2.9 A new class of millisecond pulsars?

One of the most remarkable recent discoveries is the binary pulsar J1903+0327 [72

]. Found in an on-going multibeam survey with the Arecibo telescope [294

, 86

], this 2.15-ms pulsar is distinct from all other millisecond pulsars in that its 95-day orbit has an eccentricity of 0.43! In addition, timing measurements of the relativistic periastron advance and Shapiro delay in this system (see Section 4.4), show the mass of the pulsar to be $1.74 ± 0.04M ⊙$ and the companion star to be $1.051 ± 0.015 M ⊙$ . Optical observations show a possible counterpart which is consistent with a $1 M ⊙$ star. While similar systems have been observed in globular clusters (e.g. PSR J0514–4002A in NGC 1851 [119 ]), presumably a result of exchange interactions, the standard recycling hypothesis outlined in Section 2.6 cannot account for pulsars like J1903+0327 in the Galactic disk.
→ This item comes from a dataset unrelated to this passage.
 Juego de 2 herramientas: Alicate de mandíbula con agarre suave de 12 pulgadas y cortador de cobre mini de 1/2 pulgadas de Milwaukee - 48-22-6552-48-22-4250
How could such an eccentric binary millisecond pulsar system form? One possibility is that the binary system was produced in an exchange interaction in a globular cluster and subsequently ejected, or the cluster has since disrupted. Statistical estimates [72 ] of the likelihood of both these channels are in the range 1–10%, implying that a globular cluster origin cannot be ruled out.
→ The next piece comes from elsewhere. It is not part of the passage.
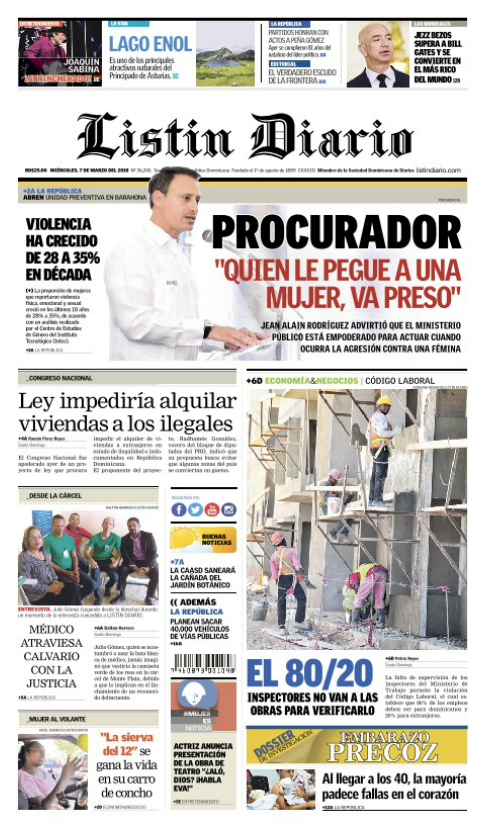 Portada Periódico Listín Diario, Miércoles 07 de Marzo 2018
Another possibility is that the pulsar is a member of an hierarchical triple system with a one solar mass white dwarf in the 95-day orbit, and a main sequence star in a much wider and highly inclined orbit which has so far not been revealed by timing. The origin of the high eccentricity is through perturbations from the outer star, the so-called Kozai mechanism [199 ]. Formation estimates based on observational data on stellar multiplicity [293 ] find that around 4% of all binary millisecond pulsars are expected to be triple systems [72 ]. The existence of a single triple system among the current sample of millisecond pulsars appears to be consistent with this hypothesis.

If future observations of the proposed optical counterpart confirm it as the binary companion through spectral line measurements of orbital Doppler shifts, the above triple-system scenario will be ruled out. Such an observation would favour a hybrid scenario suggested by van den Heuvel [384 ] in which the white dwarf and pulsar merge due to gravitational radiation losses. Tidal disruption of the white dwarf in the inspiral would produce an accretion disk and induce an eccentricity in the orbit of the outer star leaving behind an eccentric binary system. This idea could naturally account for the high pulsar mass observed in this system which could arise from accretion of a white-dwarf debris disk following coalescence. Alternatively, as suggested by Champion et al. [72 ], the millisecond pulsar might have ablated the white dwarf companion in a triple system leaving only the unevolved companion in an elliptical orbit.